'Floating Cloud' Could Replace Mirrors on Future Space Telescopes

Orbiting Rainbows Laser Light Reflectionsa
Image of laser light reflected off a glitter mirror onto a camera sensor. This work was performed as a part of the Orbiting Rainbows project for space telescope mirror technology. (Image credit: G. Swartzlander/Rochester Institute of Technology)

Using clouds of glitter to reflect light could be a way of reducing the weight of future space telescopes, scientists say.

The technology, called Orbiting Rainbows, would cause particles to behave like a floating mirror, which would be much less heavy than the solid mirror typically placed in a telescope. Since the "mirror" would weigh less, it would require less fuel to send telescopes that are equipped with the technology into orbit, thus reducing the cost.

"It's a floating cloud that acts as a mirror," said principal investigator Marco Quadrelli, who is with NASA's Jet Propulsion Laboratory (JPL) in Pasadena, California. "There is no backing structure, no steel around it, no hinges; just a cloud." [Related: The Future of Space Telescopes]

The system, which is still under development at JPL, would move and trap a cloud of millions of "glitterlike grains" with several laser beams. The photons of light in the laser beam would push at the cloud from different directions, aiming to align the grains in the same direction. With this system, it's possible that the Orbiting Rainbows system could have a larger aperture — the spot where light passes through — than conventional telescopes.

This NASA graphic shows how a glitter cloud in geostationary orbit could be illuminated and controlled by lasers to serve as a giant space telescope mirror to spot exoplanets. The project concept is known as the "Orbiting Rainbows." (Image credit: NASA/JPL-Caltech)

The trade-off is image distortion, because mirrors are more finely honed to reflect light than a cloud of glitter would be. To get around this, researchers are working on computer algorithms that would examine several images and remove the "speckle effect" the glitter creates.

So far, the idea has been tested in the laboratory — but by spreading glitter on a conventional concave lens. A team led by co-investigator Grover Swartzlander, an associate professor at the Rochester Institute of Technology, used the "glitter mirror" to look at a simulated double-star system. The team also took several pictures and successfully processed them to show the two stars.

This NASA graphic shows how a glitter cloud in geostationary orbit could be illuminated and controlled by lasers to serve as a giant space telescope mirror to spot exoplanets. The project concept is known as the "Orbiting Rainbows." (Image credit: NASA/JPL-Caltech)

A laser-trapped mirror was first proposed in 1979 by astronomer Antoine Labeyrie at the Collège de France in Paris.
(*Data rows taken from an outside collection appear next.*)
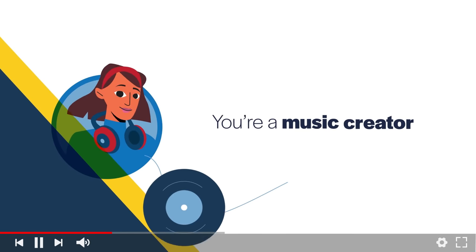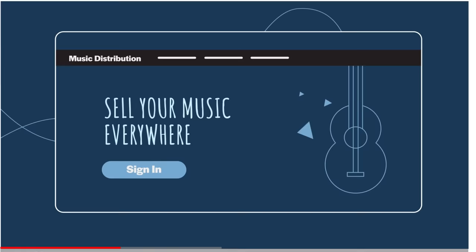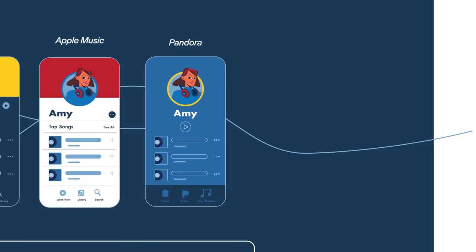You're a music creator and want to start making money off your music. So you sign up for a music distribution service that uploads your songs to the top platforms. But you might not know that with every stream, you earn separate royalties as an artist and a songwriter.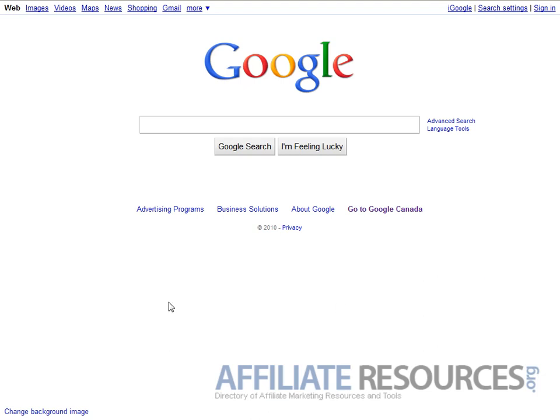Hi there, it's Jay from affiliate resources dot org, and I'm going to show you today how to find a how-to keyword in whatever niche you come up with. So the first thing we need to do is go to Google.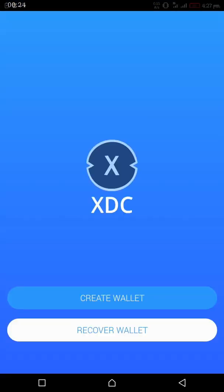One of the major two options you are going to see after entering the app is create a wallet or recover wallet. For those who have created a wallet, either from the desktop, you have your private keys. For those who have not created, you can go ahead to create a new wallet.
Before deciding on the current design, the team also considered basing the novel technology on common light-scattering structures found in nature, like rainbows, clouds and comet tails.
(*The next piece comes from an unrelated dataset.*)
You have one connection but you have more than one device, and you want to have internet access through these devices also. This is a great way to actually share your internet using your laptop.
The technology is funded under NASA's Innovative Advanced Concepts program — a division for new technologies that could be used in far-off future missions — and was selected for Phase 2 funding in 2014.

If the technology is ever tested in low-Earth orbit, the researchers plan to send up a telescope with only a small cloud of particles that would be about the size of a bottle cap. If light reflections are successful, they would then attempt imaging.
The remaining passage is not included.